It is coincidental that my father died on May 4, and he was buried on the same day as Tito. This was almost… more than a thousand people attended my late father’s funeral, and among them, there were many Albanians, even the hoxha [imam] of our village was there.
Then the cousins came, cousins from my mother’s side came from Vrbas, and, when they came here, there were big demonstrations on May 4, ‘92, there were big demonstrations in Pristina. They faced many difficulties on their way to our village. When they saw how many people were gathered, our neighbors said, ‘What is this?’
And now, those who came [and were] on the side could not understand, they couldn’t understand that Albanians were attending my father’s funeral. Miftar, who worked with my late father at the municipality, gave a speech and cried. And this seemed very unclear to people. But it was obvious that in that environment, people didn’t care about political issues. They worked, some in the village, some in the fields, at the Obilić Power Plant, in the village of Belaćevac. People were rather afraid, and the situation got worse.

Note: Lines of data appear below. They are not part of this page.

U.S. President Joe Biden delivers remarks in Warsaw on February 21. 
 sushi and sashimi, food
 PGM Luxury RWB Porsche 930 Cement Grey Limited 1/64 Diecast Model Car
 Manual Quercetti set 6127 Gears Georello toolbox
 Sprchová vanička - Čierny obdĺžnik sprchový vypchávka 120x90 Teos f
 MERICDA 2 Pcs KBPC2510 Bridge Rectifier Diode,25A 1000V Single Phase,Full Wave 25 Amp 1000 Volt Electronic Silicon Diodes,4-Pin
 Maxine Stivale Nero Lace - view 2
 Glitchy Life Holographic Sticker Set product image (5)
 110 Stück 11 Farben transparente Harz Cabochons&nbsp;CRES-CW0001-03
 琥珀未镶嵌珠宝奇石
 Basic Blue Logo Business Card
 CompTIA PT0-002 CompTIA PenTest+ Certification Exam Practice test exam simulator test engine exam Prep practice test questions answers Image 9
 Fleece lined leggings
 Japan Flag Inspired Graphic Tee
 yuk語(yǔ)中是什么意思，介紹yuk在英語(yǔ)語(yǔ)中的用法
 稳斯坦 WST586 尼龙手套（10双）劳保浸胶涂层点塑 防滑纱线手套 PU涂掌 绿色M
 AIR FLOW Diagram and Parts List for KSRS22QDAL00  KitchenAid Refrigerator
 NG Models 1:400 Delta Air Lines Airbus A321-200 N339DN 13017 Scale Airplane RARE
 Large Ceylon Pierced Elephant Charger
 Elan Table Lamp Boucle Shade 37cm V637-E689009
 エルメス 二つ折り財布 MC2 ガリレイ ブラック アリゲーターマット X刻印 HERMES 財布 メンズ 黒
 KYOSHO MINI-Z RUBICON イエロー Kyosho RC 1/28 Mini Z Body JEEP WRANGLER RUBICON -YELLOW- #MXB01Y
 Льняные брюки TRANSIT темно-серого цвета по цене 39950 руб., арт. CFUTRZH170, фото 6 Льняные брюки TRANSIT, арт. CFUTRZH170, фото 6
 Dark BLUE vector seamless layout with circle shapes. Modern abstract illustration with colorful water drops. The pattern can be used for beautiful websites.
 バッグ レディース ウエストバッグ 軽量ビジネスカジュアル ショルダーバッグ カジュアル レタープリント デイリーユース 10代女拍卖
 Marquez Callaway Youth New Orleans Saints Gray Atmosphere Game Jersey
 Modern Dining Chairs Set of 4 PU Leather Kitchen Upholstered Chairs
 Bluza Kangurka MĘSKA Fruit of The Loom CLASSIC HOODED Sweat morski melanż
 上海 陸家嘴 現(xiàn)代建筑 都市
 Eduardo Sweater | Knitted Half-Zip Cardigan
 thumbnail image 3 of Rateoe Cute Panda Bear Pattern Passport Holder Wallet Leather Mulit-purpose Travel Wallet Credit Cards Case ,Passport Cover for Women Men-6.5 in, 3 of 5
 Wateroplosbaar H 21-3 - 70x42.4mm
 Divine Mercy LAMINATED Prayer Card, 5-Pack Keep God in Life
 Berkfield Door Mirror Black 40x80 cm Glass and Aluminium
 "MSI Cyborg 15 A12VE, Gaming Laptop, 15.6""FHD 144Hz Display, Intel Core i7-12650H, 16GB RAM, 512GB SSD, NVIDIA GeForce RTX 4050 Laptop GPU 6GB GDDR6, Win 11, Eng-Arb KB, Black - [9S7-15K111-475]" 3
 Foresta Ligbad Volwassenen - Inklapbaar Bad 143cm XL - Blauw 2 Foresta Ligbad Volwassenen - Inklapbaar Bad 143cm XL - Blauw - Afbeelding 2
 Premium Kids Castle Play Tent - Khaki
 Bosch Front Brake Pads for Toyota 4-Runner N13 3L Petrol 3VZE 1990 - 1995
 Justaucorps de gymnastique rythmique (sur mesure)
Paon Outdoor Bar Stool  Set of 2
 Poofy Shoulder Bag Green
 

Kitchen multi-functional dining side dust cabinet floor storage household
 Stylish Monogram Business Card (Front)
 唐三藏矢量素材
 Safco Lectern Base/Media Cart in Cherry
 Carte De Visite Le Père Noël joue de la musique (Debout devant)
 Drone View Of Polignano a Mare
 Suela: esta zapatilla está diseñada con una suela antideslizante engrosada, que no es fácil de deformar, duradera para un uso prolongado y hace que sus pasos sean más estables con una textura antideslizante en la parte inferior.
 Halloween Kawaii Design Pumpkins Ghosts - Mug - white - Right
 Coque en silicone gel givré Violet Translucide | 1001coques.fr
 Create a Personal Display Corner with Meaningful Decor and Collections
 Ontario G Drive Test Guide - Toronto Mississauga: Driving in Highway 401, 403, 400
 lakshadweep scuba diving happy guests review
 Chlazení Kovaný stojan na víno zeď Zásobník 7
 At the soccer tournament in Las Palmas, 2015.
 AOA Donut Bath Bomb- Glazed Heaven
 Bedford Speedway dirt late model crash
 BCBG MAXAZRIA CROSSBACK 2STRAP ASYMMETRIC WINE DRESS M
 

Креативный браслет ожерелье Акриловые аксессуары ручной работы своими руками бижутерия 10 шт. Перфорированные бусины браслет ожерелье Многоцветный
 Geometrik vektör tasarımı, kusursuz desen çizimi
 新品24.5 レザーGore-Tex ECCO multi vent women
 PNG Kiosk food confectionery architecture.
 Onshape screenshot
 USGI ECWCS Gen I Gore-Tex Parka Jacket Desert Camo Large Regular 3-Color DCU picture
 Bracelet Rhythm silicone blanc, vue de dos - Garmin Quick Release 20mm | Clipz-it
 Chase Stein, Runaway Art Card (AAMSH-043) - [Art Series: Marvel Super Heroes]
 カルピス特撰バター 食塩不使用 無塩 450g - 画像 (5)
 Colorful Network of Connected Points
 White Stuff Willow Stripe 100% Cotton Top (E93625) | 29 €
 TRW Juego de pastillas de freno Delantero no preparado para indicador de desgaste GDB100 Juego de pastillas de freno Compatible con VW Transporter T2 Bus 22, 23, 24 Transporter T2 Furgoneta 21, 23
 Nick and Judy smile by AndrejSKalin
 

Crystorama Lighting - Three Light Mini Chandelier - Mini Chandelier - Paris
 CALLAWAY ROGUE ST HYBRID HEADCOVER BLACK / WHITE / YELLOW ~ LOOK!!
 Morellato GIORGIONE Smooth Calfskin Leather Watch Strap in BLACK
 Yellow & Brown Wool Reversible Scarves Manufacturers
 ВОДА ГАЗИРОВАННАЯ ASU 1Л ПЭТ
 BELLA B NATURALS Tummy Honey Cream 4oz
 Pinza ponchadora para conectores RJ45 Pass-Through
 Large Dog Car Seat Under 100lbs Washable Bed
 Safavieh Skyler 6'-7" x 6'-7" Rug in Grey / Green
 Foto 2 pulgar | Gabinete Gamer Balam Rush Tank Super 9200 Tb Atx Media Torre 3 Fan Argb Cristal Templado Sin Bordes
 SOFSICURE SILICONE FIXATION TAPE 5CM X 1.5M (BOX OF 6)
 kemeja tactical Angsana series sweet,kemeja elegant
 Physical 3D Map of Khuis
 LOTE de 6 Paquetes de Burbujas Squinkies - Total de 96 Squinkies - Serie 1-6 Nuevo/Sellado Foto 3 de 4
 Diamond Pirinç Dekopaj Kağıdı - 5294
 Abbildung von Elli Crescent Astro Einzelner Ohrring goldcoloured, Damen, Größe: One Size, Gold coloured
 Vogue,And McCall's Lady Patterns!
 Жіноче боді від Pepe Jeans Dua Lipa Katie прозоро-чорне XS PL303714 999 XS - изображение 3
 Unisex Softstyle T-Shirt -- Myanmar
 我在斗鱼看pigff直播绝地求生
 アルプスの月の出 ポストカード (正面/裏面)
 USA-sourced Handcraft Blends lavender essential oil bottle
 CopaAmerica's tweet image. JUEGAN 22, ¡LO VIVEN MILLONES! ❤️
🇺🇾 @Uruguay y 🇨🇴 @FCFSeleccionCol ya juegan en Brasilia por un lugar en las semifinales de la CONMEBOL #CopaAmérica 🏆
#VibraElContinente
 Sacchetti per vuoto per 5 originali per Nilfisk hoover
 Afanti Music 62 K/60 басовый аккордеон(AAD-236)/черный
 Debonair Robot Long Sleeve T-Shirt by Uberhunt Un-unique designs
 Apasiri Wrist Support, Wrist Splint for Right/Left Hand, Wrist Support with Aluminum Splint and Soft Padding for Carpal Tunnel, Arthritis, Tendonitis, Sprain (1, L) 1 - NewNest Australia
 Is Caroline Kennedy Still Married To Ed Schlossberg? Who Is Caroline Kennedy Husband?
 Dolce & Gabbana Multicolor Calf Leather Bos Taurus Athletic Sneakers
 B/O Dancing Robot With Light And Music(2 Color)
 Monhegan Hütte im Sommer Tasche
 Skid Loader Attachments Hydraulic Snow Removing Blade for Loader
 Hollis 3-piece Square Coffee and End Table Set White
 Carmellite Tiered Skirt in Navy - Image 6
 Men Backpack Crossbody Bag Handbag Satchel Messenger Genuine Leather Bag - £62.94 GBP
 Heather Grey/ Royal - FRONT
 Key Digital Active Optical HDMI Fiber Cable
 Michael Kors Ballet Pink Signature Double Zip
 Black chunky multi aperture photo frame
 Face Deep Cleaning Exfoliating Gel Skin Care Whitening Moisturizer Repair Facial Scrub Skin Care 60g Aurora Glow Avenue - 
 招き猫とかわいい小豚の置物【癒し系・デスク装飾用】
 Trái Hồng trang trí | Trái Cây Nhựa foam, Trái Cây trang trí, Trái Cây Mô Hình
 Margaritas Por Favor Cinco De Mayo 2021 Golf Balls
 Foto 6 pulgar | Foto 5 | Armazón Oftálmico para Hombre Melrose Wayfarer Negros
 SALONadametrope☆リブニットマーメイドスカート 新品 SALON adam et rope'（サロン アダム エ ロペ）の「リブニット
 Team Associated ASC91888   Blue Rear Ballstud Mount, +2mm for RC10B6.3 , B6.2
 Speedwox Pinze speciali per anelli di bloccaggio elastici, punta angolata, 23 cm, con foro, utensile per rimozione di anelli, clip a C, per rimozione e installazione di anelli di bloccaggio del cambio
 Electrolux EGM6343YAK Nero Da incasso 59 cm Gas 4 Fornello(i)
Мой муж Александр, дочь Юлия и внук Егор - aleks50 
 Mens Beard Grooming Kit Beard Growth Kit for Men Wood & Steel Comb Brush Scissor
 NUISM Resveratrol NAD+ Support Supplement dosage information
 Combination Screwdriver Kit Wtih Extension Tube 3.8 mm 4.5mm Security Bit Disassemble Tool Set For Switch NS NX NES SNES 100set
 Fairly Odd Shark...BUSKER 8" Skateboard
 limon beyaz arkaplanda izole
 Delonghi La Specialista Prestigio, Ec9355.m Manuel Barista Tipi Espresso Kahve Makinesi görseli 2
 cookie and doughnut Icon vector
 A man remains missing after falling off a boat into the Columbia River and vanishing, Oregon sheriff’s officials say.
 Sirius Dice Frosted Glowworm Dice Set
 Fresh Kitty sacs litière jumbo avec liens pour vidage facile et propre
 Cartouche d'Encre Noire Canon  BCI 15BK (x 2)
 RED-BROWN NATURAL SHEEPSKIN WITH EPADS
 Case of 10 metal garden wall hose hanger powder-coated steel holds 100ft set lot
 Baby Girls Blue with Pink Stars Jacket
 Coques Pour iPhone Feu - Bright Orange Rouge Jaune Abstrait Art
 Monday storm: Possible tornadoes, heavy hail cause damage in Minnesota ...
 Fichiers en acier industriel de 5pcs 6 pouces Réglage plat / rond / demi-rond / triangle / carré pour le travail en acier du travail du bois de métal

But it happened, it happened that it began to boil over during the ‘90s and the following years, the devil took things in his own hands, and we started hating each other without reason.
Sreten Đurović was born in 1954, in the village of Slatina in the Municipality of Fushë Kosovë. He worked at Jugošped for several years. In the ‘90s, he founded his own private company, Kosovošped. Today, he lives and works in Belgrade with his family.